I was going to a Voodoo Village!

It was our final day of work and after lunch, Richard and Robert told the group that I had wanted to visit the village and offered to take anyone else who wanted to go. Turns out, everyone was just as curious as I was. So off we all went into the woods. We crossed the very stream that the villagers use to do their laundry and pick up their water and headed into the tall grass. My group was told more about the settlement. It was a healing community that was built for people to stay for the duration of their illness. It seemed that the only people who lived their full-time were the Voodoo Priest and his assistant. This news made me even more curious about what I’d find there. Would there be rows of cots with people extremely ill? Along with the priest, would there be a doctor there as well as a nurse? What types of illnesses did most of the people have? Malaria? Cancer? How did voodoo come into play with a person's sickness.

As we continued walking through the forest, both Richard and Robert told me that I should tell the priest why I was in Ghana.

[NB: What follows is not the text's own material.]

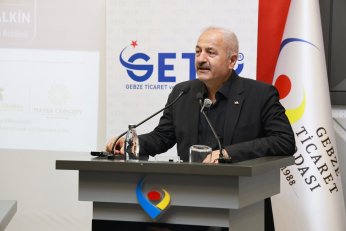 Yenidünyada değişime uyum sağlayan ayakta kalacak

That I should talk to him about my divorce so that he could help me. Hmmmm...
Grateful for the offer, I explained to them that, while I was devastated at the abrupt demise of my marriage, I didn’t want to go back to New York and hear that my husband’s penis randomly detached from the rest of his body (or something along those lines). Again they promised that the priest’s focus would be on helping me, but I still declined.

The dirt pathway in the woods led to an opening, which led to... A Voodoo Shrine. Robert, a believer in much of the religion, turned to me and said quietly, “don’t touch anything.” I absorbed this warning with very wide eyes and an open mouth. Quickly, I turned to Joe who was filming the figure and chided, “don’t you touch anything!” He looked at me like a kid who was wrongly accused of bad behavior by their mother. Granted, he wasn’t touching anything but I didn’t want to take any chances. The shrine was a face with its tongue out. By face, I don’t mean to suggest that it was a statue of someone being silly and jutting their tongue out because trust me, it was nothing like that. It definitely had a more serious tone to it. Adding to that heaviness were objects that I guessed were offerings.

After taking in the shrine, I headed into the village...

Monday, August 4, 2008

Best Laid Plans (Part 6)





Ode to the elusive Press Pass!

Why do you elude me?  You say that you are on your way and yet... why have you not arrived yet?  I promise to be good to you when you arrive... I will do a jig even, and, had I the skills to, I would happily perform a double-triple-loop-backflip.  Yet, here I am, with an empty hand, sitting by my mailbox, longing for it to be filled with some sort of official-looking paperwork.

While our visas arrived very quickly, it seemed that our application for the press pass was misplaced.  The people processing the information could not have been nicer or more helpful and have said that the information has been found now and is currently being processed.  However, the neurotic New Yorker in me will remain concerned until the actual document is in my shakey, nervous hands.  Joe, of course, is not concerned.  He merely shrugged, ordered another round of pancakes and sucked back his third can of root beer.  Joe has, it should be noted, informed me that we are in a marriage of convenience.  The convenience being that he figures, I worry so much, that he need not worry at all.  Convenient for him, stroke-inducing for me.  The truth is, I'm sure it will all work out.  The people I have spoken with have been great and want to help out, but I can also honestly say that I long for the day that I can talk about my want of the press pass in the past tense.  

If you're out there press pass, come home.  We promise to treat you well!!